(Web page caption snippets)
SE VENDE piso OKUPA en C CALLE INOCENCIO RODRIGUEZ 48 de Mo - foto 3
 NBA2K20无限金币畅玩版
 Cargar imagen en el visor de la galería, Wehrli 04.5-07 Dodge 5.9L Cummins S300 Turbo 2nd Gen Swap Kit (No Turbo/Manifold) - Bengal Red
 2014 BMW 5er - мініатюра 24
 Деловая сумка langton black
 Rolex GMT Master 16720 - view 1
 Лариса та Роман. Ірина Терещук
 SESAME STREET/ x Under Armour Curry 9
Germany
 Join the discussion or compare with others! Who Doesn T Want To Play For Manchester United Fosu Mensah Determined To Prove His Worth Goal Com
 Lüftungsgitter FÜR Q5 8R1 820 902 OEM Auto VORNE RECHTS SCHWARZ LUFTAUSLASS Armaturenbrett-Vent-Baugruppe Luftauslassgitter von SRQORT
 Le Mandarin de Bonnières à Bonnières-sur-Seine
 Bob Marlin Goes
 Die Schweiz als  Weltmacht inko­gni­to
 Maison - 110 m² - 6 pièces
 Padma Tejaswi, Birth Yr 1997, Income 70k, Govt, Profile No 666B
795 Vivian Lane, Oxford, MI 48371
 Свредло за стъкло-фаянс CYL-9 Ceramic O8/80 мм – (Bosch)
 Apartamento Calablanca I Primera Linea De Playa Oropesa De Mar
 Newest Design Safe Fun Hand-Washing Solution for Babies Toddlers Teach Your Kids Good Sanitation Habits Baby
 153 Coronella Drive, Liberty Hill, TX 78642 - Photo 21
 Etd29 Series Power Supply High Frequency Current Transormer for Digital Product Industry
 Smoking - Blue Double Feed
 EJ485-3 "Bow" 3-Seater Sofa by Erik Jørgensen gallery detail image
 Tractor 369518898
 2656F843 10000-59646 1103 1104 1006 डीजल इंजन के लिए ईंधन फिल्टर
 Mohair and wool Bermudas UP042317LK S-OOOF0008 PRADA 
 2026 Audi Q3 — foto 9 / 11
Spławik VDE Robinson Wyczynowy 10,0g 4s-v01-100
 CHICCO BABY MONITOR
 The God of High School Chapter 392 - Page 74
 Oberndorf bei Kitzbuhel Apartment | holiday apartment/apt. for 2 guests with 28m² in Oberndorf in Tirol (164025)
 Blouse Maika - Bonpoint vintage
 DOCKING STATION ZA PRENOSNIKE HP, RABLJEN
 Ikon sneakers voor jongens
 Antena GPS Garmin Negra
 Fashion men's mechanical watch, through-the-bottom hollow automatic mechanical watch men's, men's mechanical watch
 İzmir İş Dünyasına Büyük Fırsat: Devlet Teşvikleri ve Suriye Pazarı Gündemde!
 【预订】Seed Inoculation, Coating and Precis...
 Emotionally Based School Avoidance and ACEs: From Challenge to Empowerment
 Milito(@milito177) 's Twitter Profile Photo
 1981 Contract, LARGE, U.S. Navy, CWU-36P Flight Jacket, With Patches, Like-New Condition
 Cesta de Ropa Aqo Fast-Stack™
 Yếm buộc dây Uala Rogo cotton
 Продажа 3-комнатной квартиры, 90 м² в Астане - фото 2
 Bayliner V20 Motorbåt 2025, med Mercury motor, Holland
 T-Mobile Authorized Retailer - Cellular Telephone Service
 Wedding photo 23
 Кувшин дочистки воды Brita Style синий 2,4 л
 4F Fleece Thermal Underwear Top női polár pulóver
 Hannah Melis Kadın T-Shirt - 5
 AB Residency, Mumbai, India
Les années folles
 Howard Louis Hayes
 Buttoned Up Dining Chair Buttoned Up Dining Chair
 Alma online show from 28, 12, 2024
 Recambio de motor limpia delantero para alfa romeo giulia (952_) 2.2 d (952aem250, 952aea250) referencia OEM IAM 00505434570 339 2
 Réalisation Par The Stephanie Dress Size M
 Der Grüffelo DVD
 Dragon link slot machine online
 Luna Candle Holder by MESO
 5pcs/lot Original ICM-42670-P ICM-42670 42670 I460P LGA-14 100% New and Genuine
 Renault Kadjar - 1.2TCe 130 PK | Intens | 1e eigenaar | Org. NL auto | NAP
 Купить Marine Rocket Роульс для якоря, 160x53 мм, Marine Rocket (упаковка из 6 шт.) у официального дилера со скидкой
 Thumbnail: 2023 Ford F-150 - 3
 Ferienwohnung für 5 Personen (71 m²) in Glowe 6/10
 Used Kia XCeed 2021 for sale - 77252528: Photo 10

YOUR TASK
Your answer must be an exact copy of all the entries.

COMPLETED TASK
SE VENDE piso OKUPA en C CALLE INOCENCIO RODRIGUEZ 48 de Mo - foto 3
 NBA2K20无限金币畅玩版
 Cargar imagen en el visor de la galería, Wehrli 04.5-07 Dodge 5.9L Cummins S300 Turbo 2nd Gen Swap Kit (No Turbo/Manifold) - Bengal Red
 2014 BMW 5er - мініатюра 24
 Деловая сумка langton black
 Rolex GMT Master 16720 - view 1
 Лариса та Роман. Ірина Терещук
 SESAME STREET/ x Under Armour Curry 9
Germany
 Join the discussion or compare with others! Who Doesn T Want To Play For Manchester United Fosu Mensah Determined To Prove His Worth Goal Com
 Lüftungsgitter FÜR Q5 8R1 820 902 OEM Auto VORNE RECHTS SCHWARZ LUFTAUSLASS Armaturenbrett-Vent-Baugruppe Luftauslassgitter von SRQORT
 Le Mandarin de Bonnières à Bonnières-sur-Seine
 Bob Marlin Goes
 Die Schweiz als  Weltmacht inko­gni­to
 Maison - 110 m² - 6 pièces
 Padma Tejaswi, Birth Yr 1997, Income 70k, Govt, Profile No 666B
795 Vivian Lane, Oxford, MI 48371
 Свредло за стъкло-фаянс CYL-9 Ceramic O8/80 мм – (Bosch)
 Apartamento Calablanca I Primera Linea De Playa Oropesa De Mar
 Newest Design Safe Fun Hand-Washing Solution for Babies Toddlers Teach Your Kids Good Sanitation Habits Baby
 153 Coronella Drive, Liberty Hill, TX 78642 - Photo 21
 Etd29 Series Power Supply High Frequency Current Transormer for Digital Product Industry
 Smoking - Blue Double Feed
 EJ485-3 "Bow" 3-Seater Sofa by Erik Jørgensen gallery detail image
 Tractor 369518898
 2656F843 10000-59646 1103 1104 1006 डीजल इंजन के लिए ईंधन फिल्टर
 Mohair and wool Bermudas UP042317LK S-OOOF0008 PRADA 
 2026 Audi Q3 — foto 9 / 11
Spławik VDE Robinson Wyczynowy 10,0g 4s-v01-100
 CHICCO BABY MONITOR
 The God of High School Chapter 392 - Page 74
 Oberndorf bei Kitzbuhel Apartment | holiday apartment/apt. for 2 guests with 28m² in Oberndorf in Tirol (164025)
 Blouse Maika - Bonpoint vintage
 DOCKING STATION ZA PRENOSNIKE HP, RABLJEN
 Ikon sneakers voor jongens
 Antena GPS Garmin Negra
 Fashion men's mechanical watch, through-the-bottom hollow automatic mechanical watch men's, men's mechanical watch
 İzmir İş Dünyasına Büyük Fırsat: Devlet Teşvikleri ve Suriye Pazarı Gündemde!
 【预订】Seed Inoculation, Coating and Precis...
 Emotionally Based School Avoidance and ACEs: From Challenge to Empowerment
 Milito(@milito177) 's Twitter Profile Photo
 1981 Contract, LARGE, U.S. Navy, CWU-36P Flight Jacket, With Patches, Like-New Condition
 Cesta de Ropa Aqo Fast-Stack™
 Yếm buộc dây Uala Rogo cotton
 Продажа 3-комнатной квартиры, 90 м² в Астане - фото 2
 Bayliner V20 Motorbåt 2025, med Mercury motor, Holland
 T-Mobile Authorized Retailer - Cellular Telephone Service
 Wedding photo 23
 Кувшин дочистки воды Brita Style синий 2,4 л
 4F Fleece Thermal Underwear Top női polár pulóver
 Hannah Melis Kadın T-Shirt - 5
 AB Residency, Mumbai, India
Les années folles
 Howard Louis Hayes
 Buttoned Up Dining Chair Buttoned Up Dining Chair
 Alma online show from 28, 12, 2024
 Recambio de motor limpia delantero para alfa romeo giulia (952_) 2.2 d (952aem250, 952aea250) referencia OEM IAM 00505434570 339 2
 Réalisation Par The Stephanie Dress Size M
 Der Grüffelo DVD
 Dragon link slot machine online
 Luna Candle Holder by MESO
 5pcs/lot Original ICM-42670-P ICM-42670 42670 I460P LGA-14 100% New and Genuine
 Renault Kadjar - 1.2TCe 130 PK | Intens | 1e eigenaar | Org. NL auto | NAP
 Купить Marine Rocket Роульс для якоря, 160x53 мм, Marine Rocket (упаковка из 6 шт.) у официального дилера со скидкой
 Thumbnail: 2023 Ford F-150 - 3
 Ferienwohnung für 5 Personen (71 m²) in Glowe 6/10
 Used Kia XCeed 2021 for sale - 77252528: Photo 10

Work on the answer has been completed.